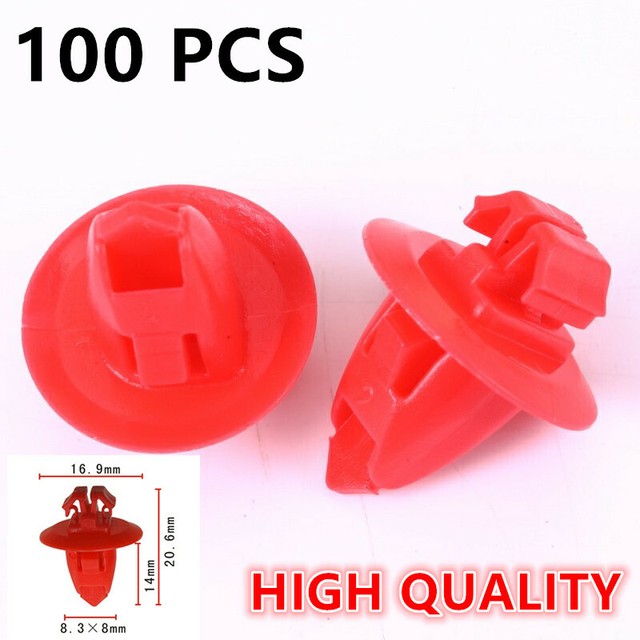 100x Red Fender Wheel Flare Moulding Clips Panel Retainer 9090467037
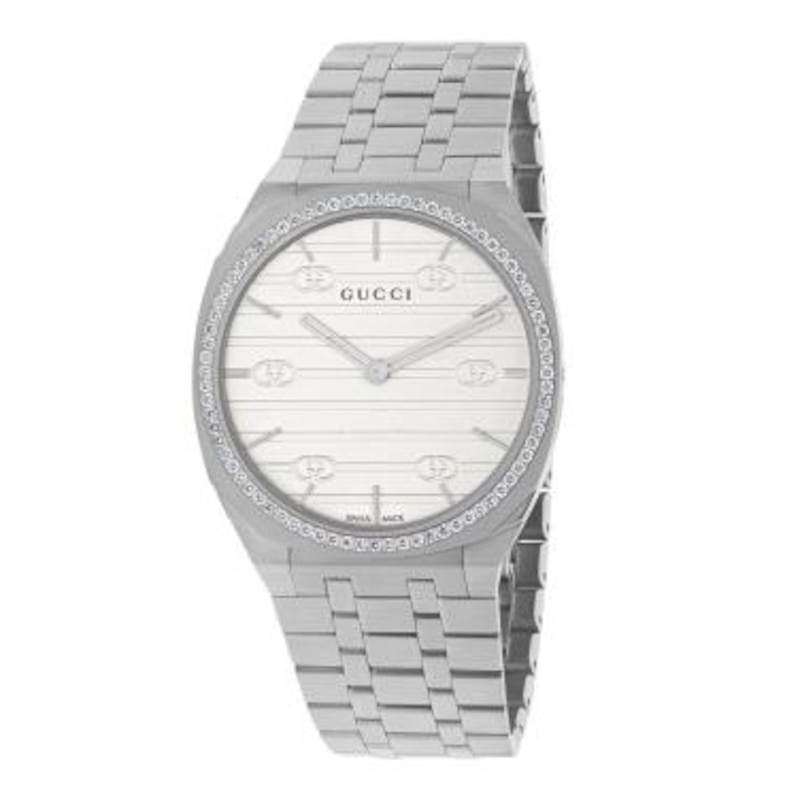 GUCCI 25H Diamond White Dial Bracelet Watch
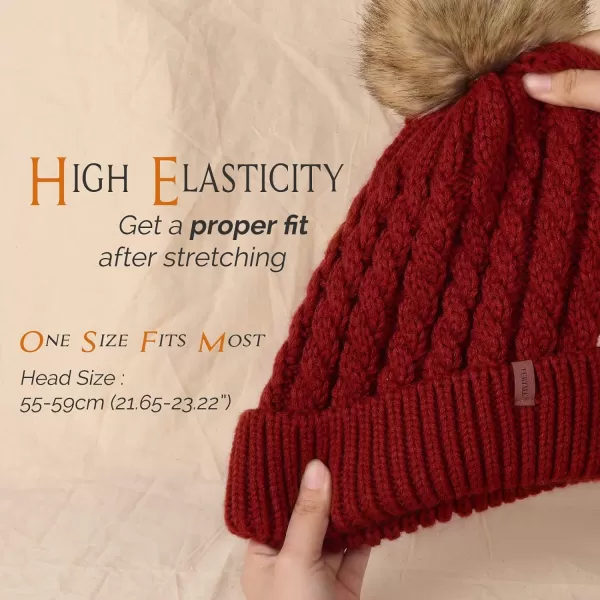 FURTALK Winter Beanie Hat for Women Cotton Lined Faux Fur Pom Pom Hats Womens Warm Thick Knit Skull Cap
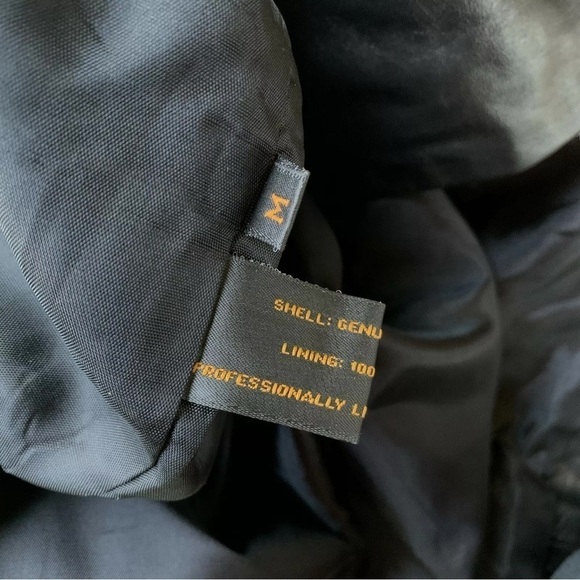 LNR Genuine Leather Buttoned Trench Coat Jacket Black Gold Metallic Size M - Picture 7 of 9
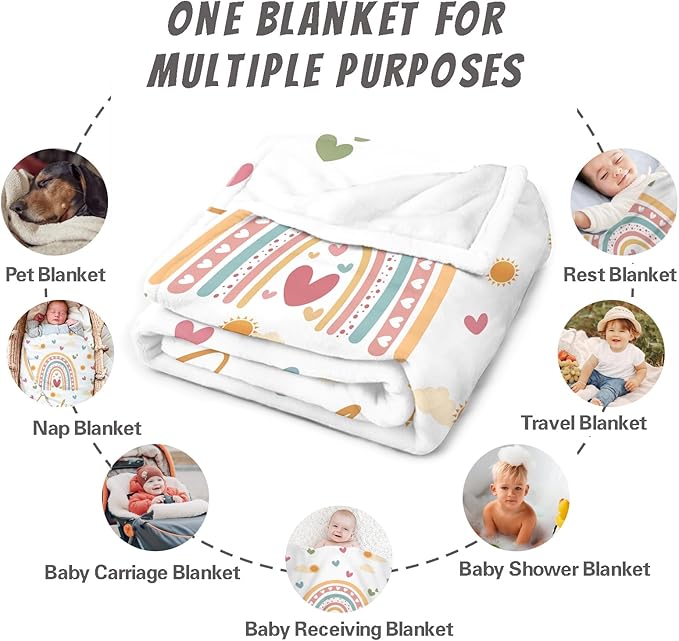 Personalized Baby Blankets for Girls Women Custom Boho Style Baby Blanket with Rainbow Personalized Baby Girl Blanket with Name Customized Gift for Adult Expecting Mom Baby Shower Birthday Gifts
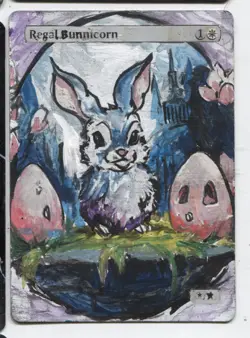 Regal Bunnicorn MTG Altered art MAGIC Hand Painted Card Commander - Image 1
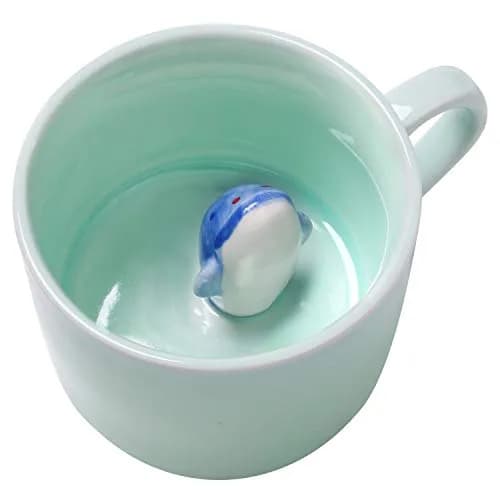 Lemon Park Dolphin Ceramic Cup Hidden 3D Animal Inside Mug 230ml (8 oz) | Hand-Painted Surprise Inside thumbnail 1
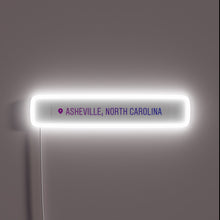 Charger l&#39;image dans la galerie, Vibrant Neon Sign Illuminating &#39;Asheville&#39; in Rich RGB Color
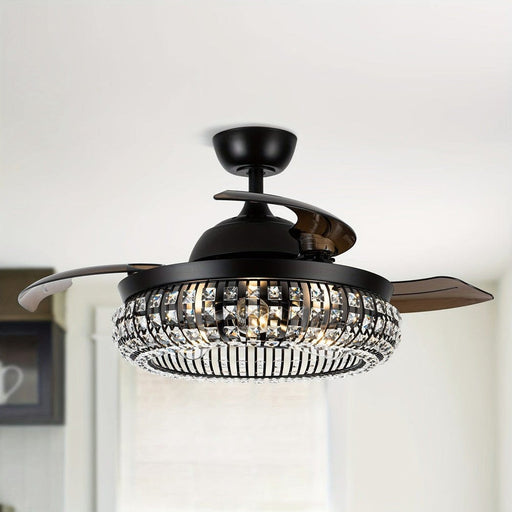 42 in. Modern Downrod Mount Ceiling Fan with Light and Remote Control, 3-Blade Ceiling Fan with Crystal Shade-ErisView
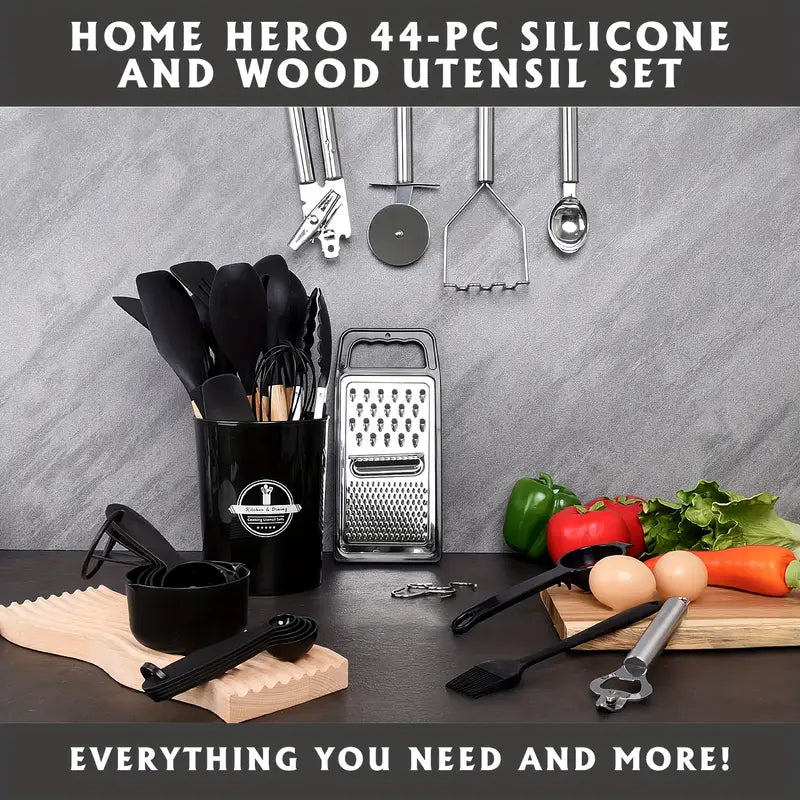 44pcs Silicone Kitchen Utensil Set with Non-Stick Wooden Handles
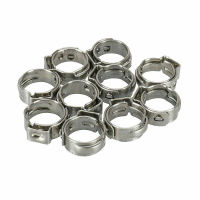 25pcs Hose Clamps Single Ear Stepless 5.8-23.5mm 304 Stainless Steel Hose Clamps Cinch Clamp Rings for Sealing Kinds of Hose Coil Springs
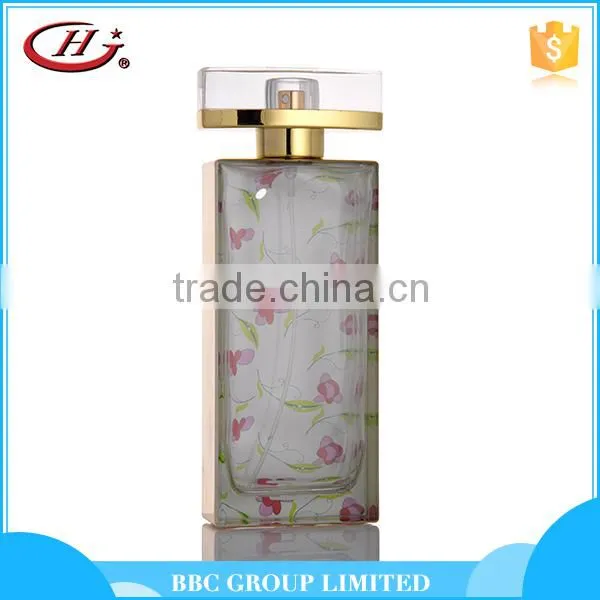BBC Metallic Series - MF018 Hot selling female flower printed glass bottles natural chinese perfume
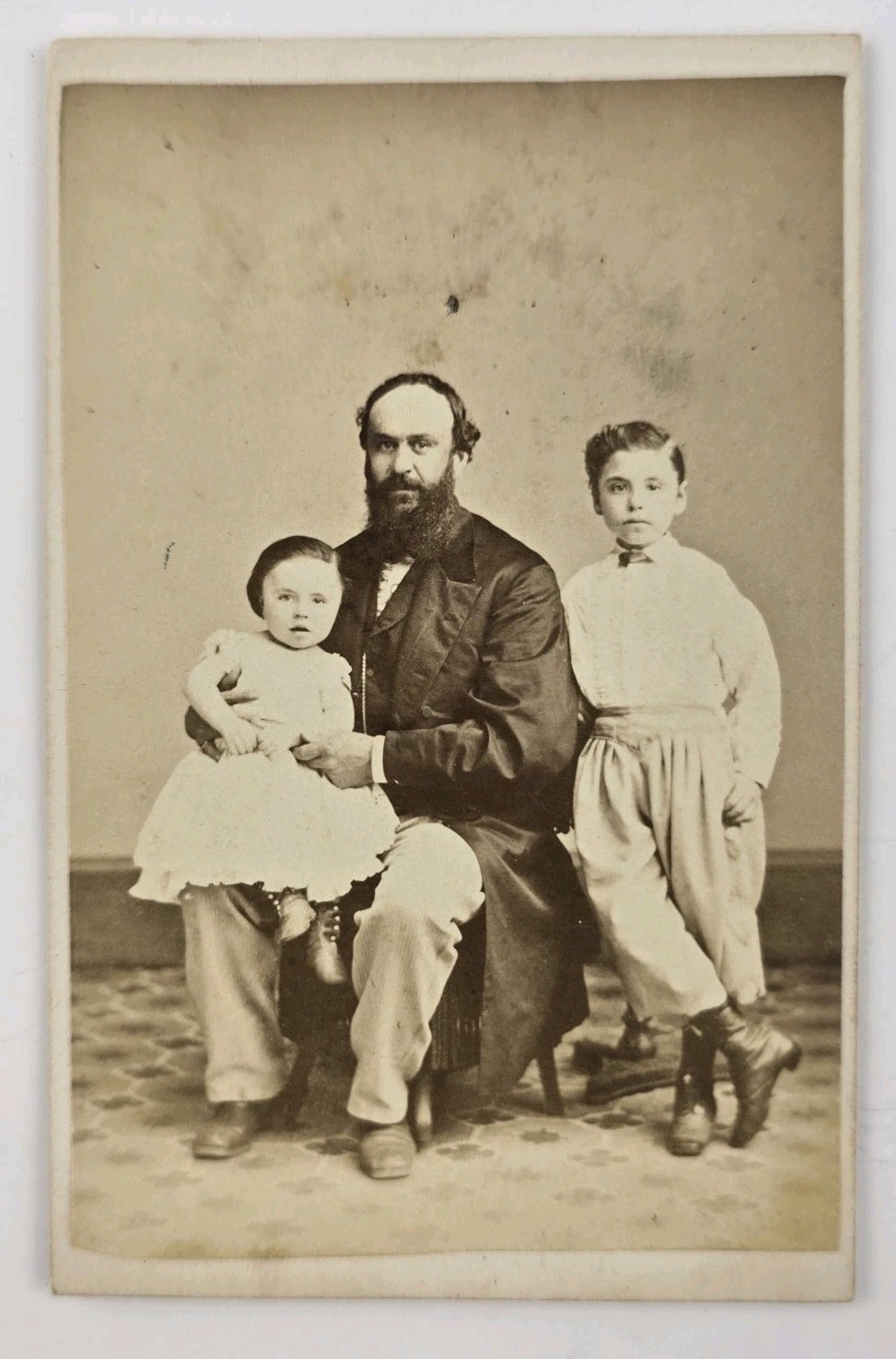 Antique CDV Photo Victorian Family Father Daughter Son Children Unique Look
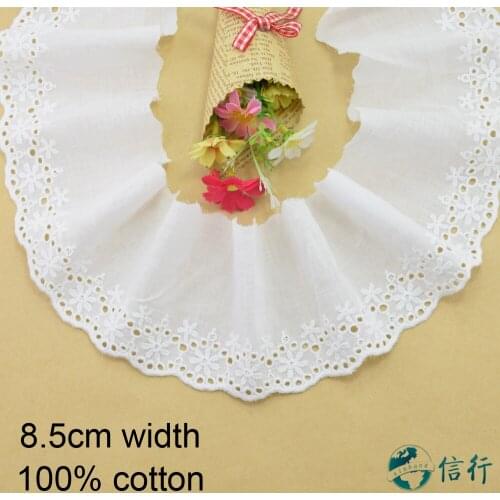 8.5cm 100%cotton white embroided lace ribbon guipure trims fabric DIY sewing Accessories supplies african lace applique #3532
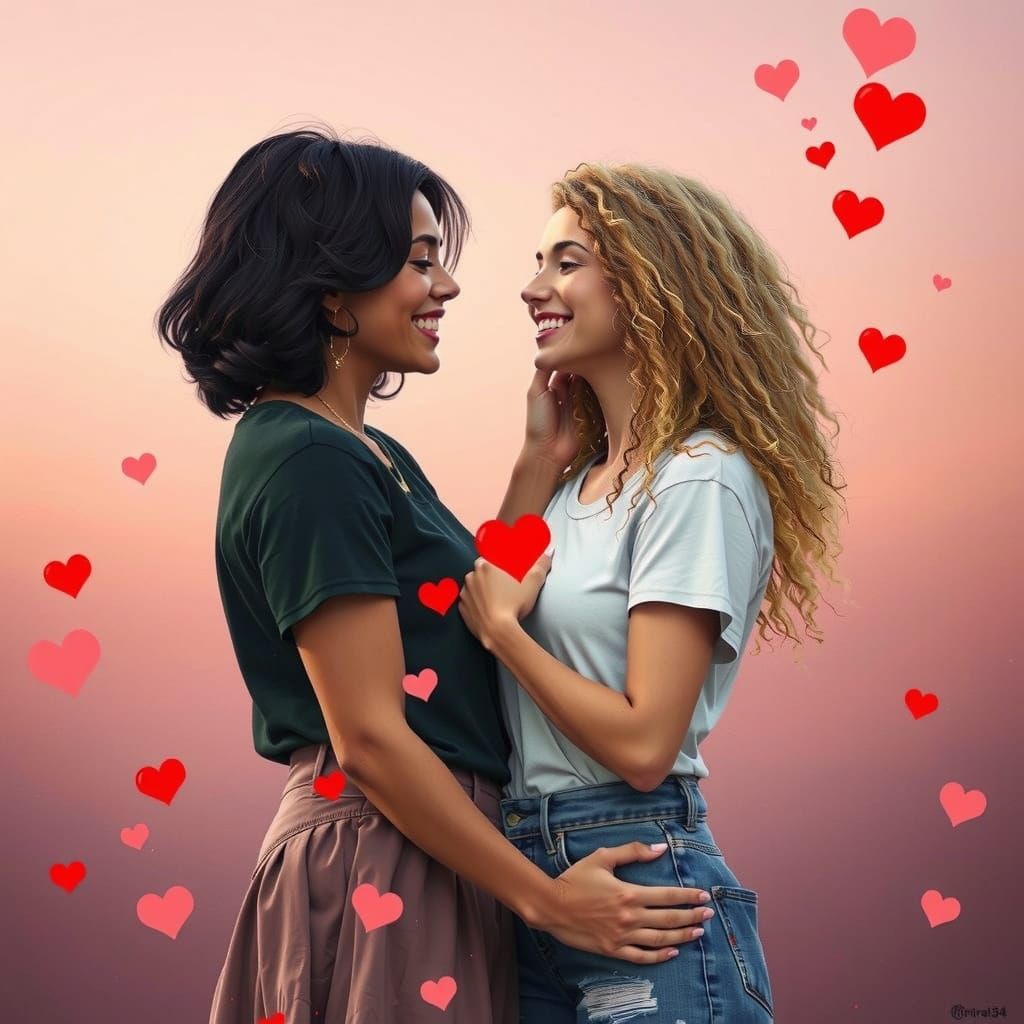 Two Women in Love, Surrounded by Radiant Hearts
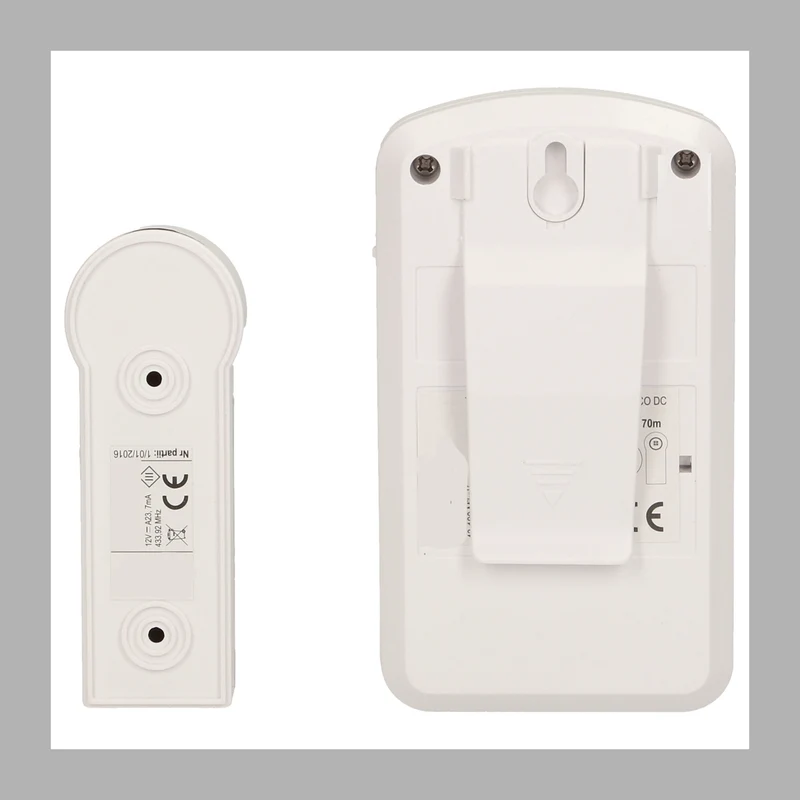 Funkklingel mit Batterie weiß IP44 schnurlose Klingel, Reichweite 80m, 60-80 dB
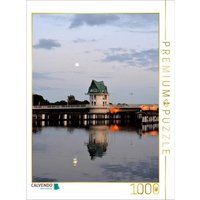 CALVENDO Puzzle Schleibrücke in Kappeln zur blauen Stunde 1000 Teile Lege-Größe 64x48cm Foto-Puzzle für glückliche Stunden von CALVENDO Verlag GmbH
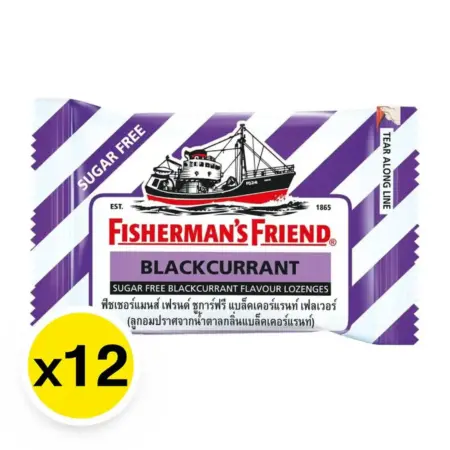 ฟิชเชอร์แมนส์ เฟรนด์ ลูกอมปราศจากน้ำตาล กลิ่นแบล็คเคอร์แรนท์ 12 เม็ด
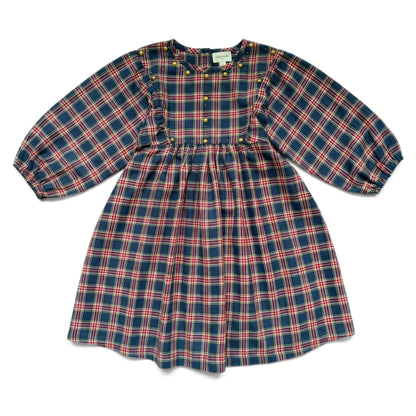 Mahana Long Twill Tartan Dress - Dark Navy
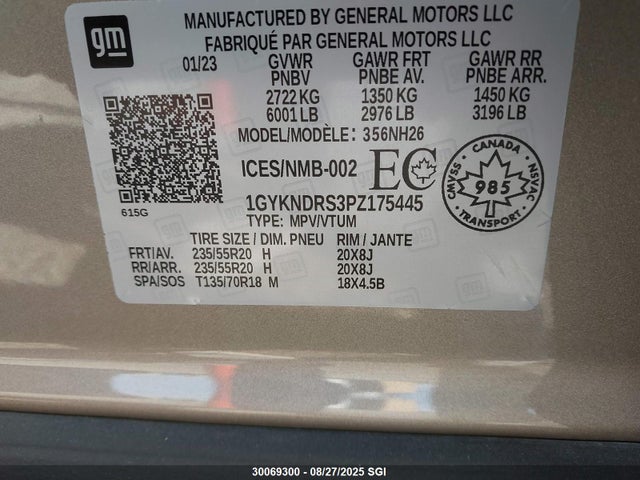 1GYKNDRS3PZ175445 Cadillac lgx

Try it –
In the listing above, find the line with "Personalized Baby Blankets" and the line with "44pcs Silicone Kitchen". Copy exactly those lines and all between them, minus the images.

Response area –
 Personalized Baby Blankets for Girls Women Custom Boho Style Baby Blanket with Rainbow Personalized Baby Girl Blanket with Name Customized Gift for Adult Expecting Mom Baby Shower Birthday Gifts
 Regal Bunnicorn MTG Altered art MAGIC Hand Painted Card Commander - Image 1
 Lemon Park Dolphin Ceramic Cup Hidden 3D Animal Inside Mug 230ml (8 oz) | Hand-Painted Surprise Inside thumbnail 1
 Charger l&#39;image dans la galerie, Vibrant Neon Sign Illuminating &#39;Asheville&#39; in Rich RGB Color
 42 in. Modern Downrod Mount Ceiling Fan with Light and Remote Control, 3-Blade Ceiling Fan with Crystal Shade-ErisView
 44pcs Silicone Kitchen Utensil Set with Non-Stick Wooden Handles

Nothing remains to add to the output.